Goldman Sachs has revised its forecast for China’s economic growth from 3.3 percent to 3 percent for this year. The bank attributed the revision to weaker than expected data for July and a tight energy supply.
Bloomberg noted in a report on the news that the July data showed a deepening housing crisis combined with continued Covid restrictions, topped by a recent unexpected decision by the central bank of the country to cut interest rates.
Slower economic growth for the world’s powerhouse would mean a softening in oil prices, which would be very welcome by other large consumers who have been trying for months to bring prices down with limited success.
Indeed, Brent crude and WTI have been trading below $100 for more than a week now, amid thickening clouds over global economic growth. There have been a number of reasons for this but economic data suggesting a slowdown in China has been among the bigger ones.
China also reported weaker refinery runs and imports for July, even though it continued building its oil inventories.
Goldman is not the only one getting increasingly pessimistic about China’s growth prospects, either. Per the Bloomberg report, Nomura also revised its forecast for the country’s GDP, a lot more substantially than Goldman, reducing it from 3.3 percent to 2.8 percent.

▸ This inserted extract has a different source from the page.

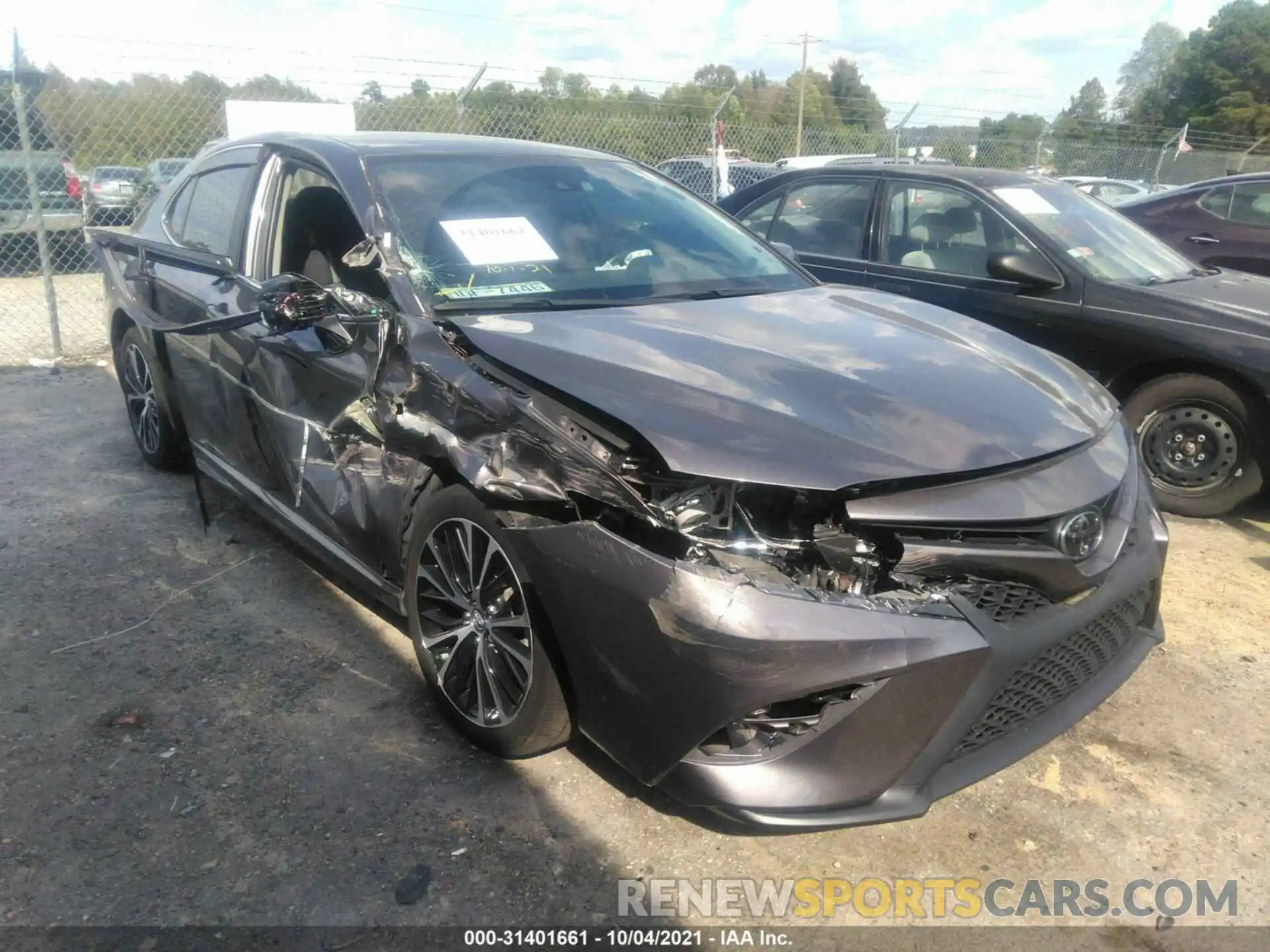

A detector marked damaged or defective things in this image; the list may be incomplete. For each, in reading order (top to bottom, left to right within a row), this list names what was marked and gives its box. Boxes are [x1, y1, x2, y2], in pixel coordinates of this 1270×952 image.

damaged gray sedan [96, 130, 1168, 832]
crumpled hood [452, 286, 1117, 492]
damaged front bumper [508, 479, 1168, 832]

“Beijing will likely do more to arrest the slowdown, but rolling out a comprehensive stimulus package is of low probability in a year of government reshuffle, while the need for maintaining zero Covid makes conventional stimulus measures much less effective,” the bank’s economists wrote in a note.
Dutch ING Groep and Canada’s TD Securities also revised down their economic outlook for China in the last few days, signaling that pessimism is spreading across the analyst community as China continues battling Covid flare-ups following its zero-Covid policy and a housing downturn with developers defaulting on bond payments and struggling to complete paid-for apartments.